Instructions to follow — Type the listing below out again exactly. No images.

Supplied data —

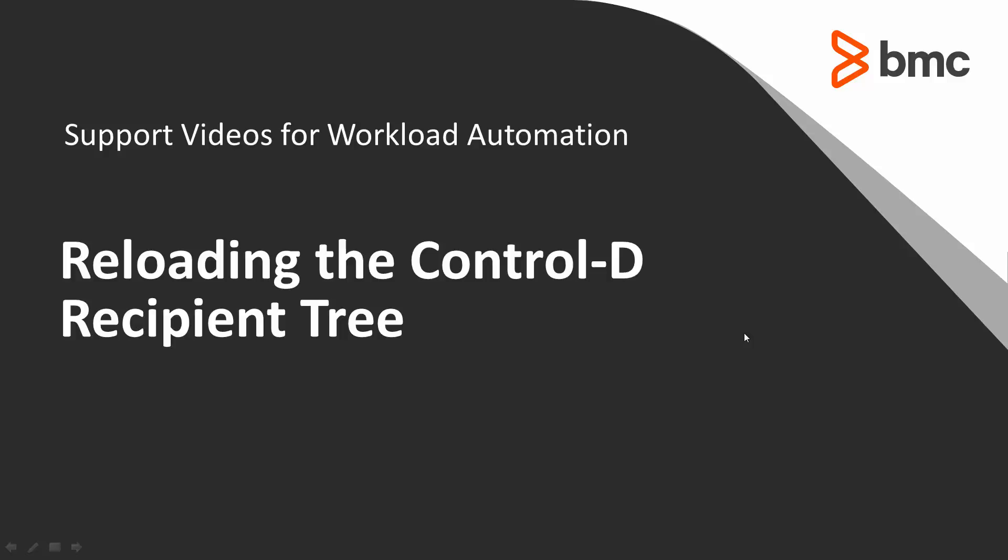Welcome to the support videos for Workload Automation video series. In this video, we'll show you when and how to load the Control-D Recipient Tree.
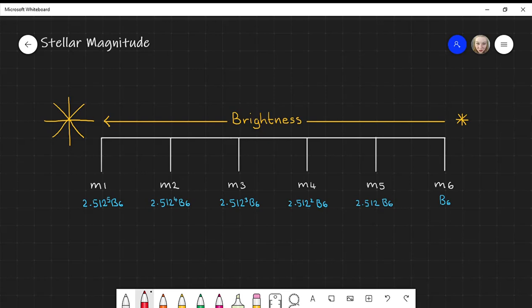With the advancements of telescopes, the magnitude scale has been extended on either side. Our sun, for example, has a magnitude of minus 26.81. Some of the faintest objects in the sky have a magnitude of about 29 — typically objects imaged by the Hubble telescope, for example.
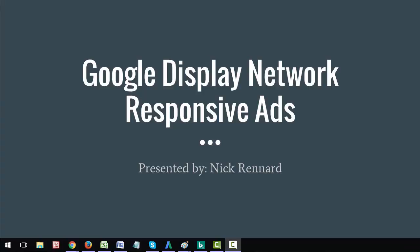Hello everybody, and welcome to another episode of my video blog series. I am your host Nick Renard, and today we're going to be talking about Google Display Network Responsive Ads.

Reply to the task —
Welcome to the support videos for Workload Automation video series. In this video, we'll show you when and how to load the Control-D Recipient Tree.
With the advancements of telescopes, the magnitude scale has been extended on either side. Our sun, for example, has a magnitude of minus 26.81. Some of the faintest objects in the sky have a magnitude of about 29 — typically objects imaged by the Hubble telescope, for example.
Hello everybody, and welcome to another episode of my video blog series. I am your host Nick Renard, and today we're going to be talking about Google Display Network Responsive Ads.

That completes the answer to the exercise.